The most widely accepted origins of tennis date back to 12th century France when the first courts appeared in the courtyards of castles and monasteries (thus the term “tennis court”). Originally known as jeu de paumme (the game of the palm) because players hit a ball with their bare hands, a glove was eventually used for protection before being replaced by the first rackets by the 1500s.

Lawn tennis, the form of the sport we know today, emerged in England during the Victorian era when the wealthy began playing on outdoor courts at country estates. It eventually surpassed croquet in popularity and in 1875 the All England Croquet Club decided to offer tennis as well.
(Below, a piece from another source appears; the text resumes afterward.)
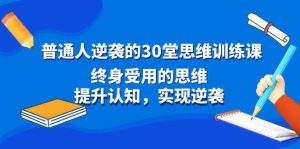 普通人逆袭的30堂思维训练课,终身受用的思维,提升认知,实现逆袭-星河网创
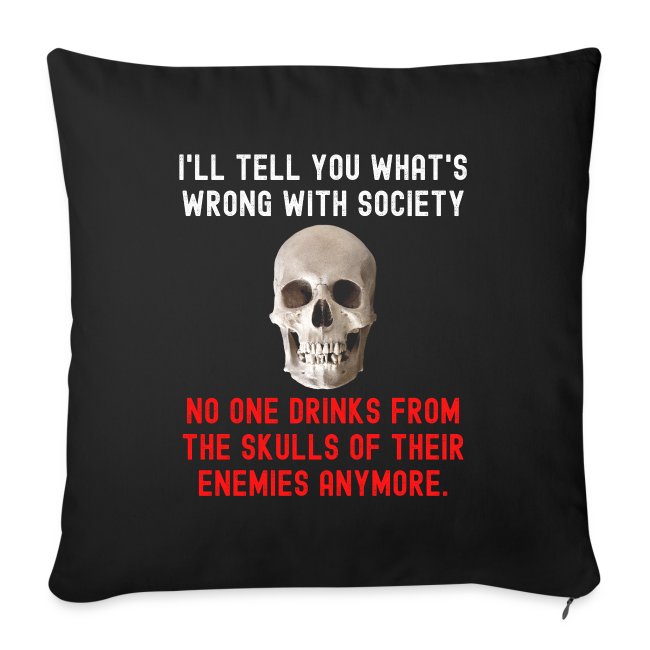 No One Drinks From The Skulls Of Their Enemies Any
Two years later the club’s name was changed to the All England Croquet and Lawn Tennis Club and it hosted the first organized lawn tennis tournament – the Wimbledon Championship.

LAREAU NESTOR

 

Tennis was contested at the first modern Olympic Games in 1896 and was included on the Olympic program through Paris 1924 before being discontinued. After tennis demonstration events were held at Mexico City 1968 and Los Angeles 1984, the sport was officially reinstated to full medal status at Seoul 1988. Tennis has been included at every Pan American Games since the inaugural edition in 1951, with the exception of 1971.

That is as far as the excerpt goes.